## Task objective
What is needed is a verbatim copy of the data, minus the pictures.

## Given information
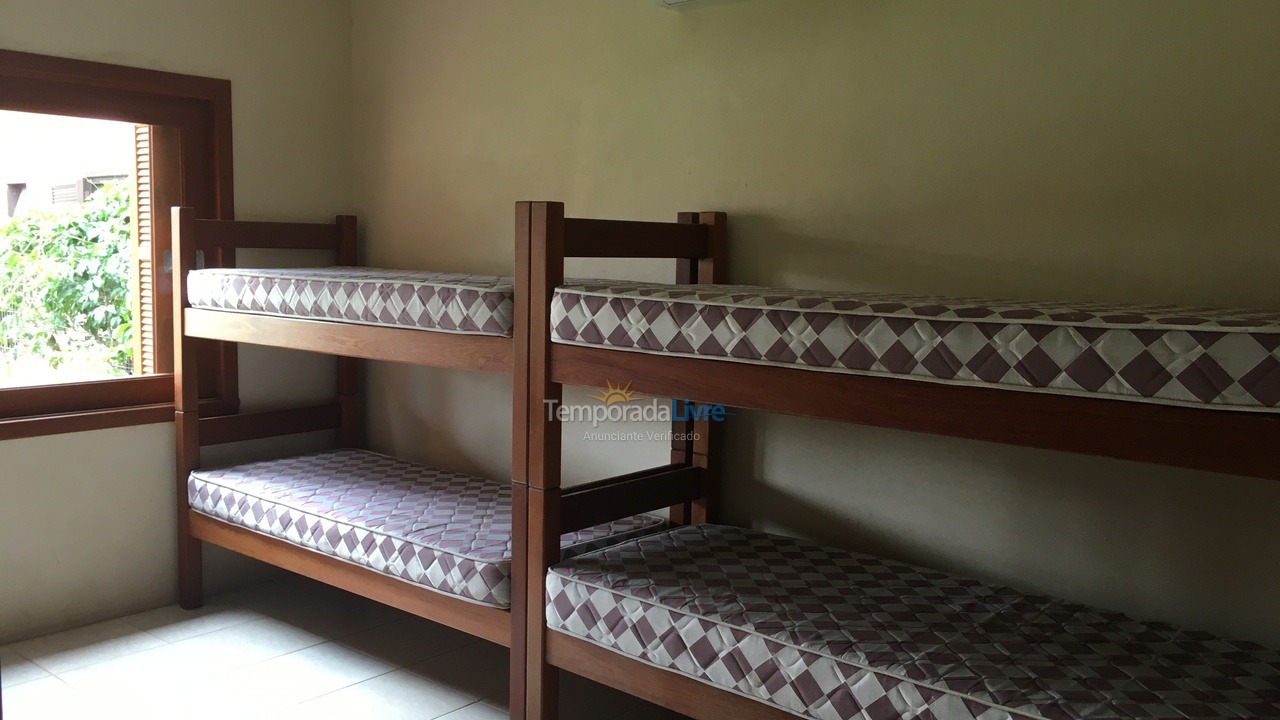 Casa para alquiler de vacaciones em Garopaba (Praia da Ferrugem)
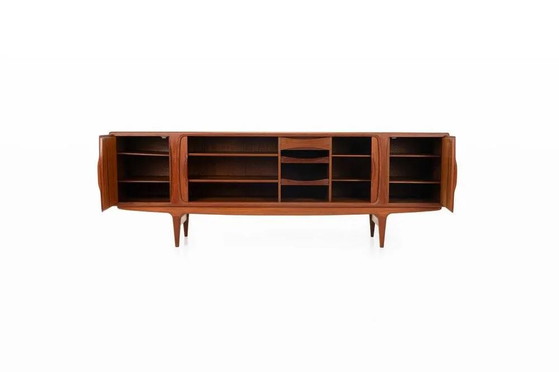 Scandinavian sideboard by Johannes Andersen for Uldum Møbelfabrik, 1960s (photo 3 of 12)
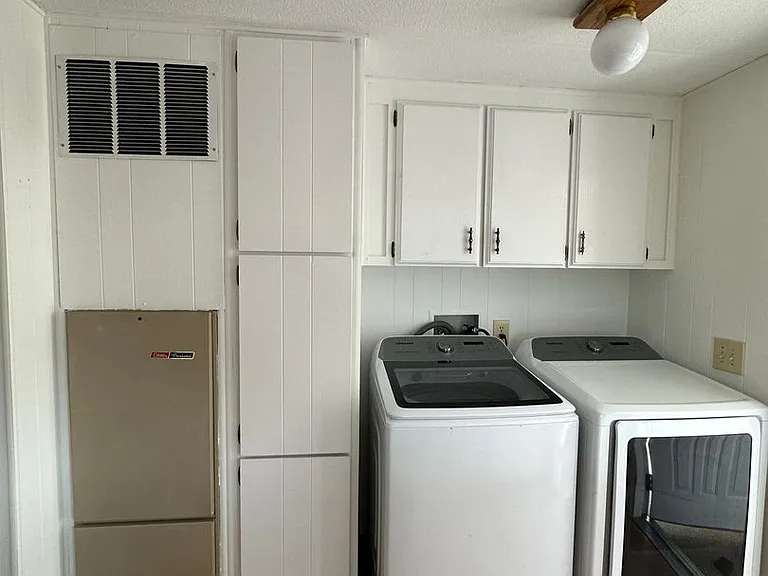 1529 NW Avon Ct — Photo 6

## Answer section
 Casa para alquiler de vacaciones em Garopaba (Praia da Ferrugem)
 Scandinavian sideboard by Johannes Andersen for Uldum Møbelfabrik, 1960s (photo 3 of 12)
 1529 NW Avon Ct — Photo 6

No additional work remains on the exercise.